Amidst euphoric scenes at Sydney’s AANZ stadium on Wednesday evening, Socceroos players, coaching staff, and fans embraced and celebrated the safe passage of their country to the 2018 Russian World Cup.

Australia’s 3-1 victory over a stubborn Honduras was the culmination of a marathon qualifying route involving 22 games, and brought with it a sense of relief, pride and in some sense a vindication of the way the team have played and the preparation that went into getting there.

When the excitement dies down and the match against Honduras is watched again in the cold light of day, Australians may light a candle to the soccer gods that things eventually went their way in the crucial deciding game.
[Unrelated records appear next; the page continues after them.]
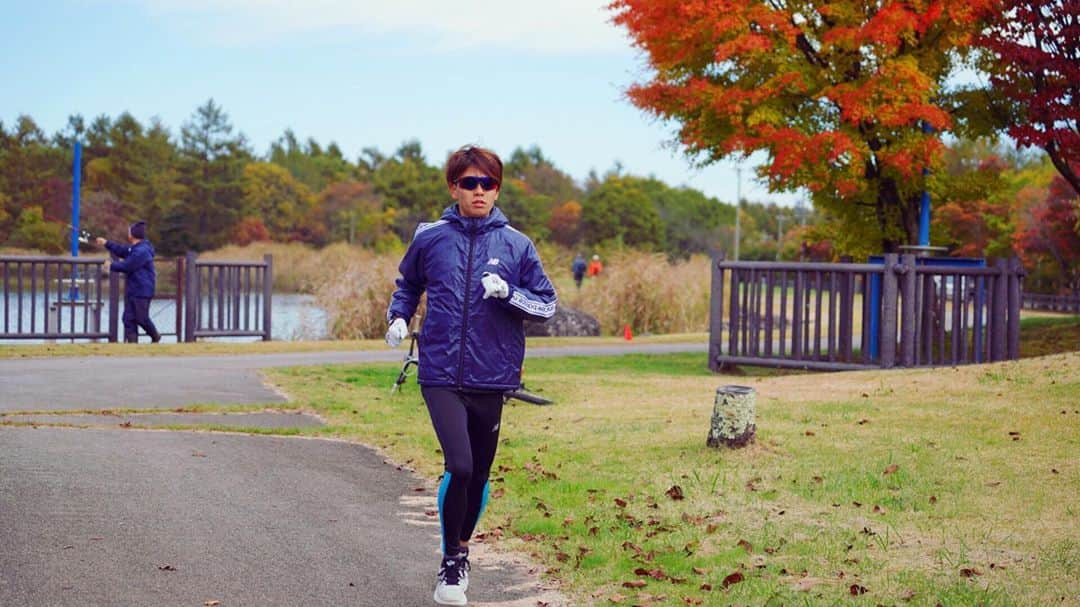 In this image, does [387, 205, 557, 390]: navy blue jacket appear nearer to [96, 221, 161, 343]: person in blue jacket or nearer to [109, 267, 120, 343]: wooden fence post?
[96, 221, 161, 343]: person in blue jacket

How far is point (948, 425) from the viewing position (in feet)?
37.3

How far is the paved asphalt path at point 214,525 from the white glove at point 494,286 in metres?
1.54

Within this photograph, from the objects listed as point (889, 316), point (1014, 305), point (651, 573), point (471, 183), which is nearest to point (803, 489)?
point (651, 573)

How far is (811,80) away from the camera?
21594 millimetres

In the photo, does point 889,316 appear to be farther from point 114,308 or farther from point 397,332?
point 114,308

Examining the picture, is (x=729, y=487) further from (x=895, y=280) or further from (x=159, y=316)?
(x=159, y=316)

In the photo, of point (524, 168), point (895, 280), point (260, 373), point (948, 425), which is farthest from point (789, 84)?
point (524, 168)

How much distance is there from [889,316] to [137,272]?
12.2 meters

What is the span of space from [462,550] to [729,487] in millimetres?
3123

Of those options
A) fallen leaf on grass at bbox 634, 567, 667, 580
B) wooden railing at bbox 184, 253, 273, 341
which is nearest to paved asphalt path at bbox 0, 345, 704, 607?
fallen leaf on grass at bbox 634, 567, 667, 580

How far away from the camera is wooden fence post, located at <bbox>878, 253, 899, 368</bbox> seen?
60.0ft

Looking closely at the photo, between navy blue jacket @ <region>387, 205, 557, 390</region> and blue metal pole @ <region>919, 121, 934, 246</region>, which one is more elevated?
blue metal pole @ <region>919, 121, 934, 246</region>

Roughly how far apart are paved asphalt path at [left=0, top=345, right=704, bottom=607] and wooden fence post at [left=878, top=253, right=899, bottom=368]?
9.15 metres

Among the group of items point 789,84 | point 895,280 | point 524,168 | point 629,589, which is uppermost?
point 524,168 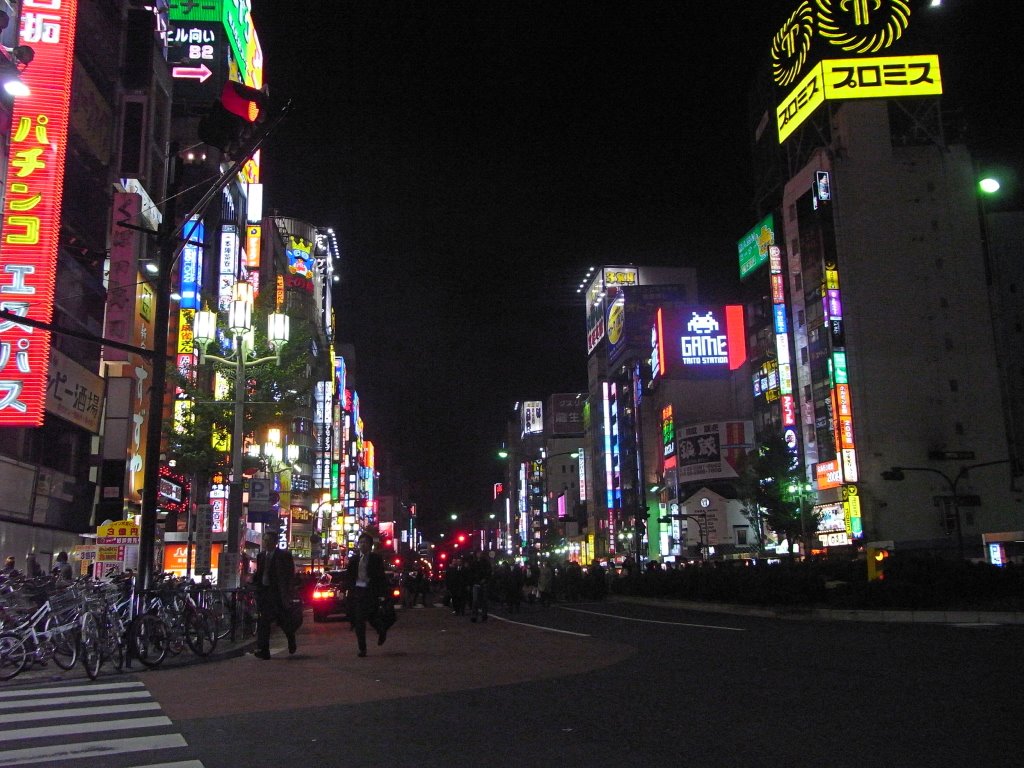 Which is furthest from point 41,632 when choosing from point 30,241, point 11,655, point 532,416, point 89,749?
point 532,416

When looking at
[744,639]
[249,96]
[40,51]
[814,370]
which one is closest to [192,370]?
[40,51]

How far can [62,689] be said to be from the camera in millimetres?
10281

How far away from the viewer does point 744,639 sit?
13.7m

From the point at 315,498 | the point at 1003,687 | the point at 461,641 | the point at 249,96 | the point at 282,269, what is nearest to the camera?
the point at 1003,687

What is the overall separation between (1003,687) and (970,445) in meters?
54.3

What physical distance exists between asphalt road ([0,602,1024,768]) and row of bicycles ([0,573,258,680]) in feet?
2.00

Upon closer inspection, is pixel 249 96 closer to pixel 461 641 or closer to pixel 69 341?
pixel 461 641

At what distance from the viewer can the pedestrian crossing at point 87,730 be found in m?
6.06

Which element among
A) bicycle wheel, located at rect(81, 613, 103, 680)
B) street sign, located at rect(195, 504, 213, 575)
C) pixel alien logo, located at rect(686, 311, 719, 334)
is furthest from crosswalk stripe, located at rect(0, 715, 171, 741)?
pixel alien logo, located at rect(686, 311, 719, 334)

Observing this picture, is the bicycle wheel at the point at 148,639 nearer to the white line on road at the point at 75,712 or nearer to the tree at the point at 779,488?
the white line on road at the point at 75,712

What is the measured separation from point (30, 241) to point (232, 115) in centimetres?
1228

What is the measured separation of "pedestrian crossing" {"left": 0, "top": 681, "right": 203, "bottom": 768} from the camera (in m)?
6.06

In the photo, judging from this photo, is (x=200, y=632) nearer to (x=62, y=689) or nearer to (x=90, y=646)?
(x=90, y=646)

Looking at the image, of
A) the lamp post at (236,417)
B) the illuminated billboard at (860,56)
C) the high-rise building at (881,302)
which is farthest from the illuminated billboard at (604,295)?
the lamp post at (236,417) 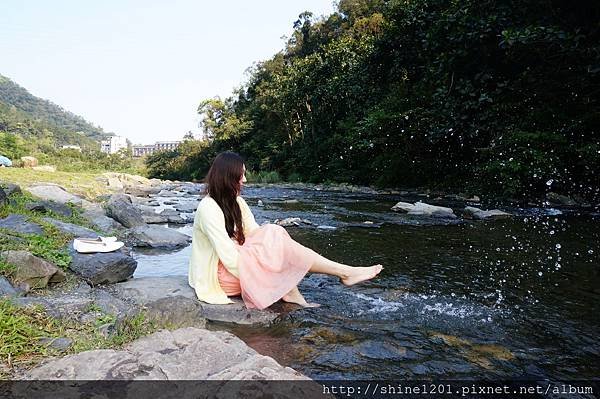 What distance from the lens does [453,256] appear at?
5953 mm

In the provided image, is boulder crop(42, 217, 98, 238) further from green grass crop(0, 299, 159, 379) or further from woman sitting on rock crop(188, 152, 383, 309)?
green grass crop(0, 299, 159, 379)

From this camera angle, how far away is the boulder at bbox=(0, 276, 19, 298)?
288cm

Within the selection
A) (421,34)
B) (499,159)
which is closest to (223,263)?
(421,34)

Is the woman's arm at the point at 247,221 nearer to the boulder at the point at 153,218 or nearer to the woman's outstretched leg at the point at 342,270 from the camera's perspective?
the woman's outstretched leg at the point at 342,270

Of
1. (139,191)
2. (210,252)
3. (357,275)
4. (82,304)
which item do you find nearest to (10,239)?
(82,304)

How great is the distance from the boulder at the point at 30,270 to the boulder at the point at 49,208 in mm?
3133

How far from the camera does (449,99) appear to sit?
7.05 m

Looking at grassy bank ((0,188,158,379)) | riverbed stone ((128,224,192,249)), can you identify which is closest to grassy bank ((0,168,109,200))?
riverbed stone ((128,224,192,249))

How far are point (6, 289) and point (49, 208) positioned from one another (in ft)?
14.3

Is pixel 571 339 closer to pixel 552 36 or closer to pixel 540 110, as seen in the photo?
pixel 552 36

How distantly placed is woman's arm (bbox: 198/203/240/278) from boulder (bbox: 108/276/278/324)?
0.32m

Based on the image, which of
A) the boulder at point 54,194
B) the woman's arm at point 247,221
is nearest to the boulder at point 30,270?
the woman's arm at point 247,221

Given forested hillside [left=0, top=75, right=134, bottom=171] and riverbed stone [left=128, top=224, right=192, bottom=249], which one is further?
forested hillside [left=0, top=75, right=134, bottom=171]

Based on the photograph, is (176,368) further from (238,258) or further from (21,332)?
(238,258)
After a nervous first half in which the visitors succeeded in slowing the Australians down and restricting them to just one clear chance on goal, the Socceroos broke through the stubborn Honduran resistance when Tom Rogic embarked on a long run into the Honduran defence stopped only by a foul on the edge of the box. The resultant free kick taken by skipper Mile Jedinak took a wicked deflection off a Honduran defender past his keeper and into the net. It was just the sort of break Australia needed. Twenty minutes later, the Socceroos doubled their lead. Again things went their way, this time after the eagle-eyed Argentinian referee spotted a handball by Honduran midfielder Bryan Acosta. It was missed by the Socceroos players and had the offense not taken place so close to the ref, it might have been missed altogether. Captain Jedinak made no mistake from the spot kick.
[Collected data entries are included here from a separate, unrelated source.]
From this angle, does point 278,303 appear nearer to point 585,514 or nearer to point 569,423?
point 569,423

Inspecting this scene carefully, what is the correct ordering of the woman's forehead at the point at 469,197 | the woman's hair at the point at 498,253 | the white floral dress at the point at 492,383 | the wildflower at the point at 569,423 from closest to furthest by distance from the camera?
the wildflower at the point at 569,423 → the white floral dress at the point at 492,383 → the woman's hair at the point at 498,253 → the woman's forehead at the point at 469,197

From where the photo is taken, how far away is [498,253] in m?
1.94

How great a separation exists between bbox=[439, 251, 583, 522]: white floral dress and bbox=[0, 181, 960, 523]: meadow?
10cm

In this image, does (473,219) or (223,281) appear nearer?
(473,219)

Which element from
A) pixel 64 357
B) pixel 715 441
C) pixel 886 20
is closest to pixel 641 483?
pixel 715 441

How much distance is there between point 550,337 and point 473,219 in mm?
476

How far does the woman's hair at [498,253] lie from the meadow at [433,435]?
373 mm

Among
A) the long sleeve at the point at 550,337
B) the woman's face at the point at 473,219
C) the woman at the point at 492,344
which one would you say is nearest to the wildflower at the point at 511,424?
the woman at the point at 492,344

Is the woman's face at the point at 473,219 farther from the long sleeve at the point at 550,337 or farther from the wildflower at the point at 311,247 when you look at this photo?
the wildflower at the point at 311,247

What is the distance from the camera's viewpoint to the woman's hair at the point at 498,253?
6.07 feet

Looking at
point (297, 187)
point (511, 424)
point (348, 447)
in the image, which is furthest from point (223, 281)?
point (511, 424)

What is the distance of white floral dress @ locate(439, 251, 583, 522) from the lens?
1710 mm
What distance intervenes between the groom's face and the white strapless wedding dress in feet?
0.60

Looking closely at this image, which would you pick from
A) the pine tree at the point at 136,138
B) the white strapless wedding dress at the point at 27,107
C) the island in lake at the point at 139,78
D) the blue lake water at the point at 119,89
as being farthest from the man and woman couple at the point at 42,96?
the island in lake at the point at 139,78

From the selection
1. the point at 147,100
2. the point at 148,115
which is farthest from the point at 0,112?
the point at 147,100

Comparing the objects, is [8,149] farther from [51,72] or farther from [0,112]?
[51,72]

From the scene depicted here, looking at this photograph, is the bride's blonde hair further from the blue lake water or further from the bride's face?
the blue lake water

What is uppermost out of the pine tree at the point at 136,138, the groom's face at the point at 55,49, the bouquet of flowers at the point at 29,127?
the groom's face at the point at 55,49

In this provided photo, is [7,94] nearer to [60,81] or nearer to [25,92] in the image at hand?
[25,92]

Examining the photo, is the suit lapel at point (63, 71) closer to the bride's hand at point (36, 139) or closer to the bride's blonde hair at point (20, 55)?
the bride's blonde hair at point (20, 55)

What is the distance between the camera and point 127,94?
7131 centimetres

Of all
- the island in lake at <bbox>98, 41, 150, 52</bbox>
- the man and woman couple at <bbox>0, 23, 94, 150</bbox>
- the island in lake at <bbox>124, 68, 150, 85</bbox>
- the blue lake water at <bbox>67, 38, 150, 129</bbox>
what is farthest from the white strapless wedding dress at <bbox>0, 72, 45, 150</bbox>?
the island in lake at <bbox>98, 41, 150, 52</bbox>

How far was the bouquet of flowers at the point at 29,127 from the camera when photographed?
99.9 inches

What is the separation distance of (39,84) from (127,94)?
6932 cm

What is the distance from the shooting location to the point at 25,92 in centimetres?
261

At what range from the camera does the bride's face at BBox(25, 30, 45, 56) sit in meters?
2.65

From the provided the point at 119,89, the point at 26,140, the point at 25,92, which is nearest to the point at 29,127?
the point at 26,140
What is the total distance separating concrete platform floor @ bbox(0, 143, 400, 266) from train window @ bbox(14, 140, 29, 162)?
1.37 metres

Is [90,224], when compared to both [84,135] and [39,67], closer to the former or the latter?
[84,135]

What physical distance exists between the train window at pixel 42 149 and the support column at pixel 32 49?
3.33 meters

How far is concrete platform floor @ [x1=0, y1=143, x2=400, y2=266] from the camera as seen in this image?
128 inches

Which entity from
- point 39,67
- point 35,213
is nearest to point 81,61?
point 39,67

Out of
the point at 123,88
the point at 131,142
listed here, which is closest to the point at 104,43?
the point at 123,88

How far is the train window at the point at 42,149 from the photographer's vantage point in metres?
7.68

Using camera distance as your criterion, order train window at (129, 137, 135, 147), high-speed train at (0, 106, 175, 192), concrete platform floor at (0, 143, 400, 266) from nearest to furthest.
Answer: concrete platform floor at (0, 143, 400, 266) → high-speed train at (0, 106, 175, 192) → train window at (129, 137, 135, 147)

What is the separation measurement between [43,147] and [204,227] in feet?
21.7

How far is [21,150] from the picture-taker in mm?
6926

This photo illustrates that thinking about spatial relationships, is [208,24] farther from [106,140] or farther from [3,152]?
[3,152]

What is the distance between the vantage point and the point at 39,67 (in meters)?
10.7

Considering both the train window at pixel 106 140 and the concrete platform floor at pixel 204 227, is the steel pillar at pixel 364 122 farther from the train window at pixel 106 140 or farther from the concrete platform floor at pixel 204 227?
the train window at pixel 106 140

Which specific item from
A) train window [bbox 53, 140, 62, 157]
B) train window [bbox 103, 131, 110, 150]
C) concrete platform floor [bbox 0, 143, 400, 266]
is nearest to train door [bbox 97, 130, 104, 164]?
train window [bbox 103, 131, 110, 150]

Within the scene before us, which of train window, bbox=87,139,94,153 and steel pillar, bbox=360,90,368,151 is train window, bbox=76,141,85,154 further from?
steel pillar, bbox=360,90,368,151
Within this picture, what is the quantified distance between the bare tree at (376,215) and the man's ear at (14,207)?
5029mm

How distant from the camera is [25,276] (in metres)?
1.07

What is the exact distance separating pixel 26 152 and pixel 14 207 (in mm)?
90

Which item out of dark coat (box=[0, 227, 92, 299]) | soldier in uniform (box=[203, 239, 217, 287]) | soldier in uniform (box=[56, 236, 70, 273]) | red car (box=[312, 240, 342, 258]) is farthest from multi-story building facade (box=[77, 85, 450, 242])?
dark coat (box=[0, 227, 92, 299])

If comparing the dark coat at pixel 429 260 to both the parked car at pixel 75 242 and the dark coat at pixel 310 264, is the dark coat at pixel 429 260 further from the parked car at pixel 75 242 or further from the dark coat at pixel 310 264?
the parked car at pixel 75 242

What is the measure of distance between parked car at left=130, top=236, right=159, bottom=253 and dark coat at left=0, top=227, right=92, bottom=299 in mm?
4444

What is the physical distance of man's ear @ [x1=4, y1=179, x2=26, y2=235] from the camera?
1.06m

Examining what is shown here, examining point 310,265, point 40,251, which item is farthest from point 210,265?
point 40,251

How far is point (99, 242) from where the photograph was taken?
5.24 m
By now the Socceroos sensed further goals against a tiring opponent whose resistance was waning. Certainly when a Leckie pass over the top picked out Robbie Kruse’s run into the box, all that the Honduran defender could do to prevent the goal was to foul Kruse and concede another penalty which Jedinak dispatched for his third goal of the match. Honduras scored a late consolation at the death when forward Albert Elis scrambled home a corner.
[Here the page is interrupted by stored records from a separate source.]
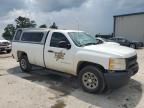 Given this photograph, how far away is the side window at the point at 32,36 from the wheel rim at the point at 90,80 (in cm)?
267

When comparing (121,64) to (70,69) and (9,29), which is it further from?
(9,29)

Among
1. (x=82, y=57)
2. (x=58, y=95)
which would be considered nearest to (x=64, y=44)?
(x=82, y=57)

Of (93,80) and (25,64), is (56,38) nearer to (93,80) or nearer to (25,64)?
(93,80)

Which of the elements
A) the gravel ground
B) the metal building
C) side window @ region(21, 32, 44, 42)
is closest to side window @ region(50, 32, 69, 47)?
side window @ region(21, 32, 44, 42)

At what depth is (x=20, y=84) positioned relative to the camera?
7199 mm

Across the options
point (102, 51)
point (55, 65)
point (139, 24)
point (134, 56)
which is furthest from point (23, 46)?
point (139, 24)

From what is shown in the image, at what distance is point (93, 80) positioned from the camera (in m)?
Answer: 6.12

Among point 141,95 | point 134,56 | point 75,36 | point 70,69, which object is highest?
point 75,36

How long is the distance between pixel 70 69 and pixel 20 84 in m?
1.89

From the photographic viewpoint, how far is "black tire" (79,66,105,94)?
5.92m

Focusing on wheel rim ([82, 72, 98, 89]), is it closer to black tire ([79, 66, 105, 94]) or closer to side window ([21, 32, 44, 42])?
black tire ([79, 66, 105, 94])

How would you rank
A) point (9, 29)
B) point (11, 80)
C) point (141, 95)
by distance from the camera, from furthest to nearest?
point (9, 29) → point (11, 80) → point (141, 95)

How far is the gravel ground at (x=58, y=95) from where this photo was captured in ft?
17.9

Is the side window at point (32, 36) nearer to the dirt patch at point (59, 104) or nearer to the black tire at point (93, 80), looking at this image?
the black tire at point (93, 80) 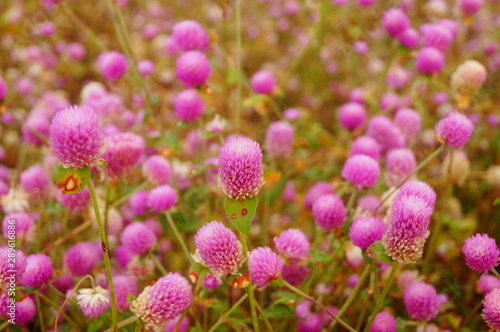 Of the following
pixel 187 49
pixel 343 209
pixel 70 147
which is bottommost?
pixel 343 209

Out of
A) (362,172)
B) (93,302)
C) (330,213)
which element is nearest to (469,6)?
(362,172)

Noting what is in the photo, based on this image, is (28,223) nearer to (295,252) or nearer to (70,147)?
(70,147)

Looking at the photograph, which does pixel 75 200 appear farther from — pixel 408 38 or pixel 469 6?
pixel 469 6

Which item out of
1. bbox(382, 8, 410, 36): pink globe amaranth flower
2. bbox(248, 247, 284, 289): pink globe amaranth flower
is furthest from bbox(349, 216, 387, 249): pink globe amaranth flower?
bbox(382, 8, 410, 36): pink globe amaranth flower

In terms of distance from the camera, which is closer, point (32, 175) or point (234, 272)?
point (234, 272)

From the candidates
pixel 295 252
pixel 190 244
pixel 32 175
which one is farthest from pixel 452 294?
pixel 32 175

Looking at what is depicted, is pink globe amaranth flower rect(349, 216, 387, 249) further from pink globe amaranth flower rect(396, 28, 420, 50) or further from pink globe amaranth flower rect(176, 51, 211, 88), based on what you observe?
pink globe amaranth flower rect(396, 28, 420, 50) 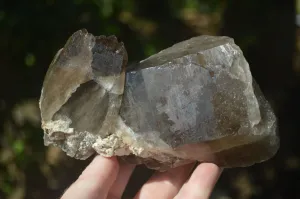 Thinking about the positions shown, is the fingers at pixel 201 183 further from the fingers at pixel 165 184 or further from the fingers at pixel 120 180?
the fingers at pixel 120 180

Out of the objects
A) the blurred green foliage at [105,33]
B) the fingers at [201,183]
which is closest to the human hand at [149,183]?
the fingers at [201,183]

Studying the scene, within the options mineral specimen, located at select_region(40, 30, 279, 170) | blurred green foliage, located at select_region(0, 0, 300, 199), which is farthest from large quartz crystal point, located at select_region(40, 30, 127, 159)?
blurred green foliage, located at select_region(0, 0, 300, 199)

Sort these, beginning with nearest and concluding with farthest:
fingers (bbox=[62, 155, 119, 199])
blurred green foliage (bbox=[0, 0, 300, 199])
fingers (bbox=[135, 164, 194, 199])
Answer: fingers (bbox=[62, 155, 119, 199]), fingers (bbox=[135, 164, 194, 199]), blurred green foliage (bbox=[0, 0, 300, 199])

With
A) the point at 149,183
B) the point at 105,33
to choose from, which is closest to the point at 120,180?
the point at 149,183

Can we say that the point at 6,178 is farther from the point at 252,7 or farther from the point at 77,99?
the point at 252,7

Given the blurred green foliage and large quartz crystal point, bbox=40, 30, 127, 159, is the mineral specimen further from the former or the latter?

After the match, Australian coach Ange Postecoglou said of qualifying for Russia, “It’s a fantastic achievement and we shouldn’t take it for granted, and we should appreciated that come June next year, there’ll be some very strong footballing nations who are going to be watching us, while they’re on holidays.”

On being asked about whether he’ll go to Russia as coach of the Socceroos, Postecoglou replied “I’m going to enjoy tonight. I owe it to myself, I owe it to my wife, my kids,” Postecoglou said.

“I’m pretty thick-skinned but they’ve had to endure a lot.
“I’ll sit down with the powers-that-be over the next few days and we’ll discuss everything, bring it to a head and make a decision.”

“It’s the hardest thing I’ve ever done, these last four years. Going to a World Cup (in 2014) with really a rookie squad and knowing we had to win the Asian Cup (in 2015),” he said.

“Coaching your own country has its advantages but the one disadvantage is if things go wrong there’s nowhere to hide.
“I’ve been coaching for 21 years, mate. I won my first championship when I was 31 years old.
“And you know what? I can coach for another 20 years and I’ll always be an outsider in Australian football. I don’t have the glittering Socceroos career you need, but that’s fine. I wear that as a badge of honour.
“The more that comes my way the more determined and resilient I am to keep going own my own path. It’s worked well for me.
“I’ve had a hell of a lot of support from players, coaches, and the general sporting public.
“There’s not a day goes by when it doesn’t happen. Maybe I just see the nice ones.
“I told the players we’re not going to take a backward step. We’re going to be bold and ambitious and with that will come some scrutiny.
“It’s a lot easier to take the comfortable road. It could have been convenient for me to say it’s a young group and we’ve got to be patient but all along I’ve pushed and pushed and pushed.
“They’ve embraced it. We’ve played 22 games of World Cup qualifying and lost two.”